Abstract: Phylogenetic (evolutionary tree) inference is a key tool for understanding evolutionary systems. This includes viral adaptation and genomic epidemiology, as well as the antibody response to infection and vaccination. Bayesian phylogenetic analysis allows us to assess and integrate out tree uncertainty to obtain more reliable estimates of other model variables of interest (e.g. transmission rates). However, Bayesian posterior distributions on phylogenetic trees remain difficult to sample despite decades of effort. The complex discrete and continuous model structure of trees means that recent inferential methods developed for Euclidean space are not easily applicable to the phylogenetic case. Thus, we are left with random-walk Markov Chain Monte Carlo (MCMC) with uninformed tree modification proposals; these traverse tree space slowly because phylogenetic posteriors are concentrated on a small fraction of the very many possible trees.
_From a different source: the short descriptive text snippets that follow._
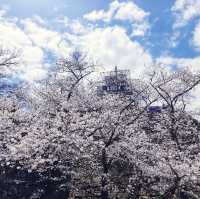 福岡舞鶴公園賞櫻去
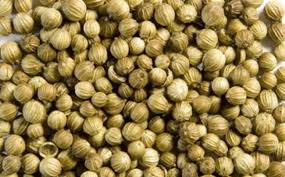 «🍵 تخم گشنیز تازه مناسب دمنوش، تنظیم قند خون و رفع نفخ»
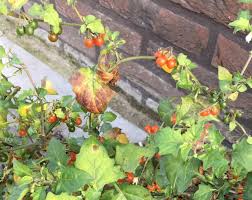 Image result for Solanum villosum
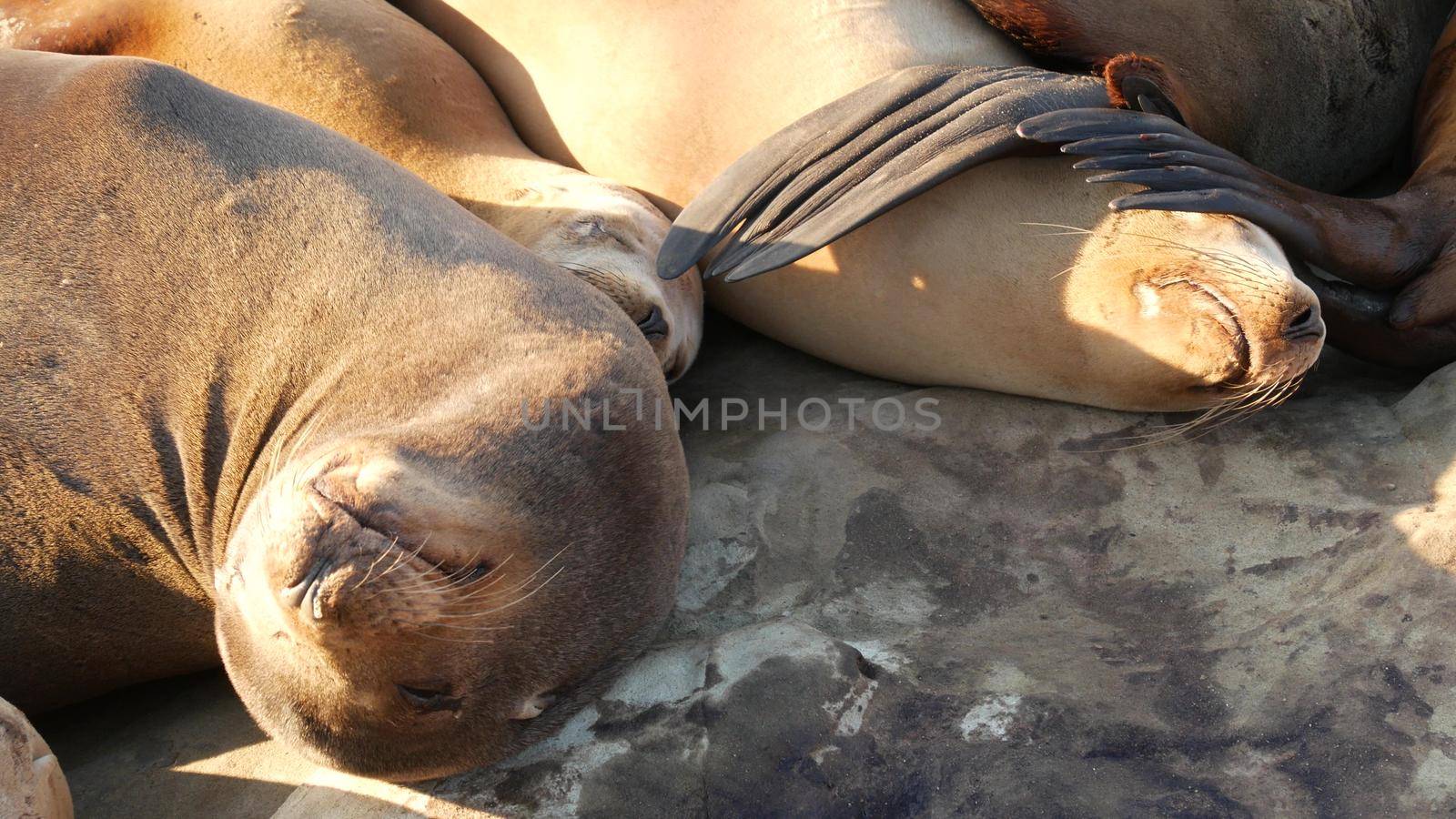 Sea lions on the rock in La Jolla. Wild eared seals resting near pacific ocean on stones. Funny lazy wildlife animal sleeping. Protected marine mammal in natural habitat, San Diego, California, USA.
In this talk, I will describe our work to design new scalable approaches to inferring the Bayesian posterior on phylogenetic trees. This includes establishing a new discrete inferential target, which we call the "subsplit directed acyclic graph," and a new algorithm that will allow us to infer this structure using methods analogous to much faster maximum-likelihood (point-estimate) methods for phylogenetics. I will also describe how, once this structure is in hand, we can perform variational inference via stochastic gradient descent.
Dr. Frederick “Erick” Matsen is an expert in computational biology, which is the science of using biological data to develop computer algorithms, or programs, to understand biological systems and relationships. His research team has developed new methods to analyze data generated by sequencing the DNA of viruses, immune cells and complex environmental samples containing many microorganisms. The team also pursues more abstract questions about the methods used to construct evolutionary trees. Another focus of Dr. Matsen’s work is on improving software used in computational biology, both by developing open source tools and by contributing to work on larger, collaborative projects.